Scraped caption text data
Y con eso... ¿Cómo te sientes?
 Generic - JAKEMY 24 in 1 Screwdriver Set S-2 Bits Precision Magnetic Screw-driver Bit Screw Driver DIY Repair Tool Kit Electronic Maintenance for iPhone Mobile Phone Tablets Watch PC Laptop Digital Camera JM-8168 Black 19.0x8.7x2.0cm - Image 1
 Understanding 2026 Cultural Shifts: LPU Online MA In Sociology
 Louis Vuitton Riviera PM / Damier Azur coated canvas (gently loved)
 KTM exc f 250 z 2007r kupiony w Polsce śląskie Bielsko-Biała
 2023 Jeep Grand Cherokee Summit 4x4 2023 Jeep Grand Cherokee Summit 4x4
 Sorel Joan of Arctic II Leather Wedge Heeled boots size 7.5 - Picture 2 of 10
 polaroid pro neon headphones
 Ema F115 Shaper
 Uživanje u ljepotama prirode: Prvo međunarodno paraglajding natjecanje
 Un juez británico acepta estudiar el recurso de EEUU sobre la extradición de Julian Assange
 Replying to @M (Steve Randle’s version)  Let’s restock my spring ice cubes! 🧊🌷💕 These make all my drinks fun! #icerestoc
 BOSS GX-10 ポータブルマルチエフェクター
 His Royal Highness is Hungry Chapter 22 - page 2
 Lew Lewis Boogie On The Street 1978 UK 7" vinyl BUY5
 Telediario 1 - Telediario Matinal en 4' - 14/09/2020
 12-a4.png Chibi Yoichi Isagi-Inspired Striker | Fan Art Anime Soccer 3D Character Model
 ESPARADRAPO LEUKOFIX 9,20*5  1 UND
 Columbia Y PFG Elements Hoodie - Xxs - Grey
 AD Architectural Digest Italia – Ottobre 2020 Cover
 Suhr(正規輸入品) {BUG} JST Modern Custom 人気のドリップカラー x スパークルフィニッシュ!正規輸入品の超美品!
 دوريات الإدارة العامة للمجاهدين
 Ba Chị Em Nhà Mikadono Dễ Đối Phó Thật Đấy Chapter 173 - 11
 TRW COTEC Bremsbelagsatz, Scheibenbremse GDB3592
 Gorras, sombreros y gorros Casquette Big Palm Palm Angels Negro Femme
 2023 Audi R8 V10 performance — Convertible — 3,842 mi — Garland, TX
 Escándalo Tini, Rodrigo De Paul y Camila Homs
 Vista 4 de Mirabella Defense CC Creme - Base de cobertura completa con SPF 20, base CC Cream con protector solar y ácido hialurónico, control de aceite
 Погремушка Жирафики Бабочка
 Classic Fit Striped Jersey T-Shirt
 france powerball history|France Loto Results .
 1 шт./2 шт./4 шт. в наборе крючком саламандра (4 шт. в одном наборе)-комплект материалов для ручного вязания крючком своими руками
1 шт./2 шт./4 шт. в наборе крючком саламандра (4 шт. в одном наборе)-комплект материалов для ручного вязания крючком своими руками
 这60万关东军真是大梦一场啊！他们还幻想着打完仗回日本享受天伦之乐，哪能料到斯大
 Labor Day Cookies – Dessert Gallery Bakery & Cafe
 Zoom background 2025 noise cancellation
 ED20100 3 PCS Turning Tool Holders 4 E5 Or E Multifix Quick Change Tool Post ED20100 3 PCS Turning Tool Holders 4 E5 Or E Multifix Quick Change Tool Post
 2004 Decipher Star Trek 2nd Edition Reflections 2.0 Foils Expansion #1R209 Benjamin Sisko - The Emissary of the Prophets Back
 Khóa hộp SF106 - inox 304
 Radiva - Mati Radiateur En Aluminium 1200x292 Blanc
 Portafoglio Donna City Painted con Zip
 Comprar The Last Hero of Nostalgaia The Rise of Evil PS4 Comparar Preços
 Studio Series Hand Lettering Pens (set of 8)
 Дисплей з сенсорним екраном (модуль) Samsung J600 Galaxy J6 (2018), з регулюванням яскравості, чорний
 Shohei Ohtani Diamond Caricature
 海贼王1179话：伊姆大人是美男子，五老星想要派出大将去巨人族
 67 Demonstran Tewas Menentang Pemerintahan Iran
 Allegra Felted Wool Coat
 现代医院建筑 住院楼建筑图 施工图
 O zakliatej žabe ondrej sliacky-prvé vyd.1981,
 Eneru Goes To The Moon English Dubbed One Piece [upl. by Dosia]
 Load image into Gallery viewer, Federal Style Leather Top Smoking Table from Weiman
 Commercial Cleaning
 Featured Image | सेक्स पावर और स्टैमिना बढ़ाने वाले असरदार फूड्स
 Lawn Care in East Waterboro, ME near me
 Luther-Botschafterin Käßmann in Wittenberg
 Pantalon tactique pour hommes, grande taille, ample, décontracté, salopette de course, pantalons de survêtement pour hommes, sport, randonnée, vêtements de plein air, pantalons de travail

= WORK REQUEST =
Which of the lines above hold the string "Gallery"? Copy each one.

= ANSWER =
 Labor Day Cookies – Dessert Gallery Bakery & Cafe
 Load image into Gallery viewer, Federal Style Leather Top Smoking Table from Weiman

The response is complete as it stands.